Wednesday, June 23, 2004

Property Haiku

Prof. Cass Sunstein of U-Chicago Law has been guest-blogging over at the Volokh Conspiracy and makes an interesting exegesis (and apparent defense) of Oliver Wendell Holmes and FDR in his first swing. While I have no formal training in law and Constitutional Theory, I have a number of objections to make to FDR's and by extension, Sunstein's argument:
What Holmes is saying here is that even though property is exchangeable, it doesn't arise from value; it's a creation of law. And that's simply a matter of fact. With these sixteen words, Holmes captured much of the legal realist critique of laissez-faire -- and a key part of legal thinking between 1890 and 1930. A system of free markets isn't law-free; it depends on law. Property rights, as we enjoy and live them, are a creation of law; they don't predate law.

I agree with this analysis. But, can this not be said of any of the other rights we hold as pretty much absolute? Did people have the right to life before there was any law? I would hold that the answer is no unless one is to believe in natural rights. But if one is to argue this, one would also have to accept the claim of the laissez-faire crowd that the same Being who granted us the right to life also granted us the right to keep and hold possession of the fruits of our labor and fate -- or what we now call the right to property.

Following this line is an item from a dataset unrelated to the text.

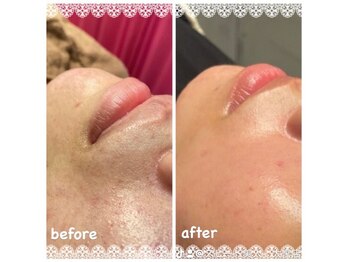 スピード美人 銀座店/お肌が変わるハーブピーリング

Before law, in the same way that man had no restraints to not steal from his fellow man, there was no restraint from not killing or not enslaving. In a lawless world when one tribe or group attacked another, they not only stole from, but also killed memebers of the other tribe (or enslaved them). So, basing rights on the lack of restraint other than under a legal system gets one nowhere fast and debases the right to life.

So the argument boils down to either believing in natural rights granted to us by God or not believing in natural rights. In the first case, we have the right to life. But we can then also claim a pre-legal right to property with pretty good justification from various moral and religious contexts (see for example the commandment against covetting another's wife). In the second case, any concept of right is given to us by law since pre-moral man had no compulsion to either not steal or not kill. So, singling out property rights as something that is prior to law is itself because one does not believe in laissez-faire, not the other way around as Sunstein claims.

I would like to hear more from Prof. Sunstein regarding FDR/Holmes' justification for an absolute right to life or right to not be enslaved. I think that I agree with much of their analysis on property, but disagree with what conclusions that means for law. It seems that no rights are based on anything but law. And so, without a state there can be no right to property or to life. So, just as arbitrarily as Holmes and FDR felt justified to trample on property rights, one can decide to trample on the right to life as well.

UPDATE: Prof. Sunstein writes in an email:

Thanks so much. Excellent points and questions! -- You're certainly right to say that the right to life requires a governmental presence too. The right not to be enslaved doesn't if slavery is defined as a legal status -- but if it's defined as including enslavement through purely private power, then we need law to prevent slavery. -- What the legal realists thought wasn't that government can alter whatever arrangements it has created; they firmly believed in private property and freedom of contract. But they thought that some alterations of these, and even abridgements (eg maximum hour laws), didn't offend prepolitical rights, and would be defensible if they promoted human freedom and well-being. -- Going beyond the realists to my own views: An absolute right to be free from slavery is justified on multiple different accounts (eg rooted in autonomy or utility); I'm not sure what a right to life is, but if it means a right not to be murdered, then that an absolute right to life is also justified on multiple different accounts. But the right to private property can't plausibly be understood as absolute. For example, almost everyone agrees that property owners don't have a right to hold rock concerts at 3 am on their property, or to build nuclear power plants. The precise nature of the limitations requires a lot of thought, and the realists aren't helpful there. They simply wanted to produce that thought, and to eliminate question-begging answers that spoke to the absoluteness of property rights. Hope that's a helpful start at least!

It is a helpful start. But it still puts us right back where we started in trying to divine what limitations on each right are acceptable. And those who do want to put limitations on property rights to the extent FDR did are already starting from the assumption that property rights can be trampled on quite extensively and then proceding from there, rather than the other way around. In other words, FDR did not ponder the nature of rights, conclude that the right to property is a special right only conferred by government (whereas life and liberty are not such rights), and then decide that it is fine to limit those rights extensively . He was hostile to property rights altogether.

Prof. Sunstein's response is the reason why I am not a rights-based libertarian, because without government there can be no rights. But for efficiency reasons, I would argue that a more libertarian system is preferable to a less libertarian one.

4 comments:

David Wagner said...

Holmes would have had no problem with the notion that our right to our lives arises out of law, not out of nature. I think this follows from his infamous "three generations of imbeciles is enough" opinion in Buck v. Bell, allowing forced sterilization.

Mobius Strip said...

First they came for those with private property, but I said nothing because I didn't own any...

Diana Feygin said...

In looking for the origin of Niemoller's famous line, I stumbled upon this. Oy gevalt, this Internet, what a world.

Jonathan said...

what a great post. enjoyed it immensely.